### ACTION ITEM
Only the lines from the one holding "Függőleges mozgatású rolós" through the end of the material are to be repeated, exactly and without pictures.

### GIVEN INFORMATION

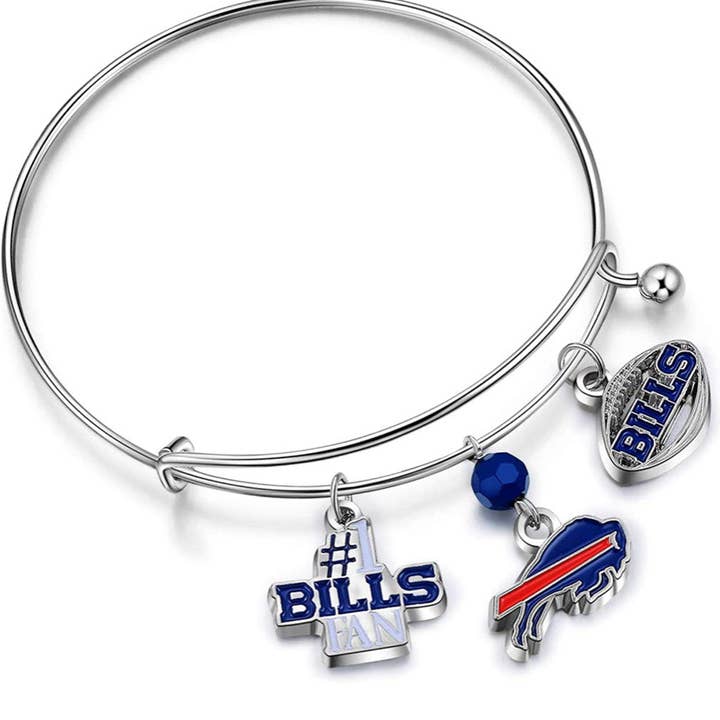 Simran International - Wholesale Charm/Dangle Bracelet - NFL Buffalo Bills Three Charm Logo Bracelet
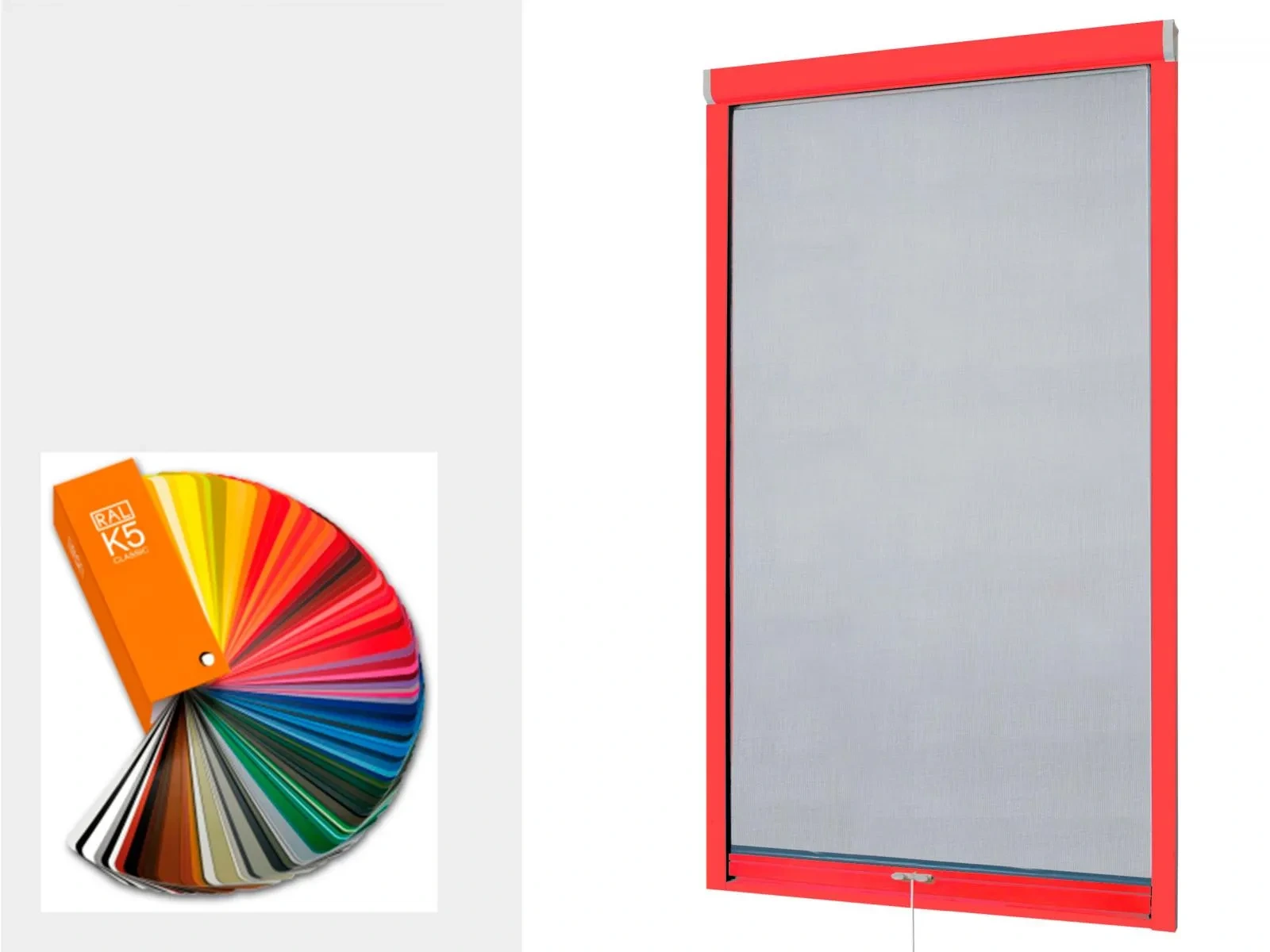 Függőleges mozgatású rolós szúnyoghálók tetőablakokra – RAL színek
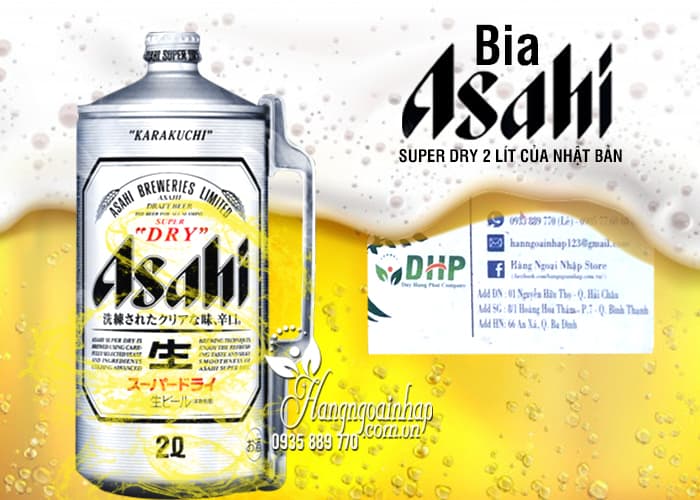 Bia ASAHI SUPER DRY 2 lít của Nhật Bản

### RESULT OF THE TASK
 Függőleges mozgatású rolós szúnyoghálók tetőablakokra – RAL színek
 Bia ASAHI SUPER DRY 2 lít của Nhật Bản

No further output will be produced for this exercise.